Copy out the data in full and exactly, passing over the pictures.

-------- GIVEN INFORMATION

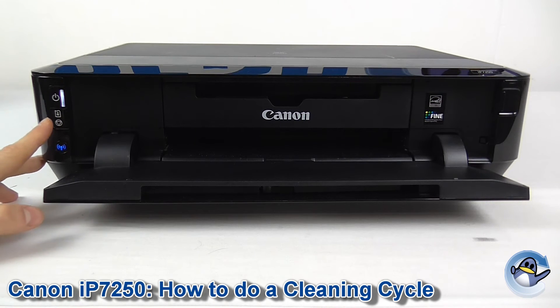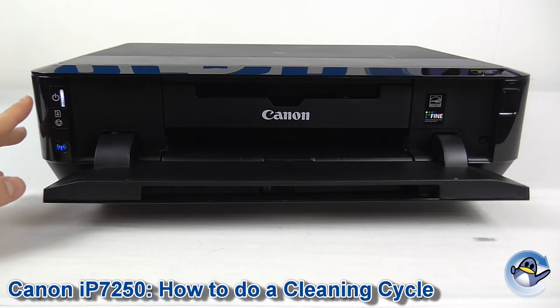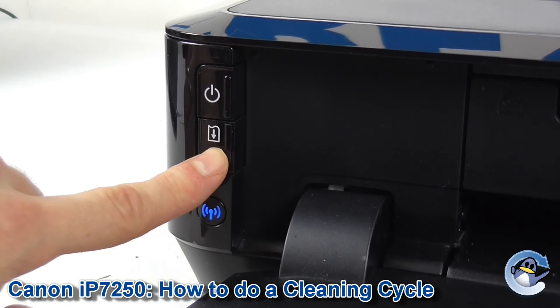So on the left hand side here you're looking for the stop, reset or resume button, which has a page icon on it. We're going to hold this down once until the power light above it flashes a single time. One press and release.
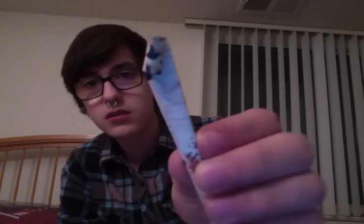So then you end up with this little piece. What you're going to do with this is poke it straight up through all of the flower layers.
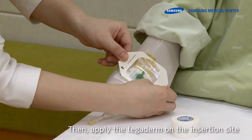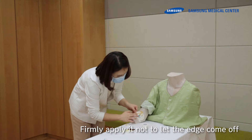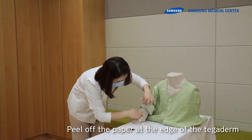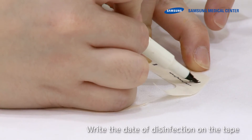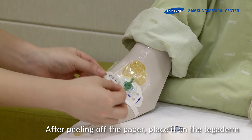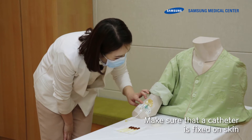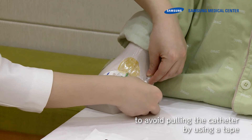Apply the Tegaderm on the insertion site. Firmly apply it so the edges do not come off. Peel off the paper at the edge of the Tegaderm. Write the date of disinfection on the tape. After peeling off the paper, place it on the Tegaderm. Make sure that the catheter is fixed on the skin to avoid pulling the catheter by using a tape.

----------------

SOLUTION FOR THIS TASK -
So on the left hand side here you're looking for the stop, reset or resume button, which has a page icon on it. We're going to hold this down once until the power light above it flashes a single time. One press and release.
So then you end up with this little piece. What you're going to do with this is poke it straight up through all of the flower layers.
Apply the Tegaderm on the insertion site. Firmly apply it so the edges do not come off. Peel off the paper at the edge of the Tegaderm. Write the date of disinfection on the tape. After peeling off the paper, place it on the Tegaderm. Make sure that the catheter is fixed on the skin to avoid pulling the catheter by using a tape.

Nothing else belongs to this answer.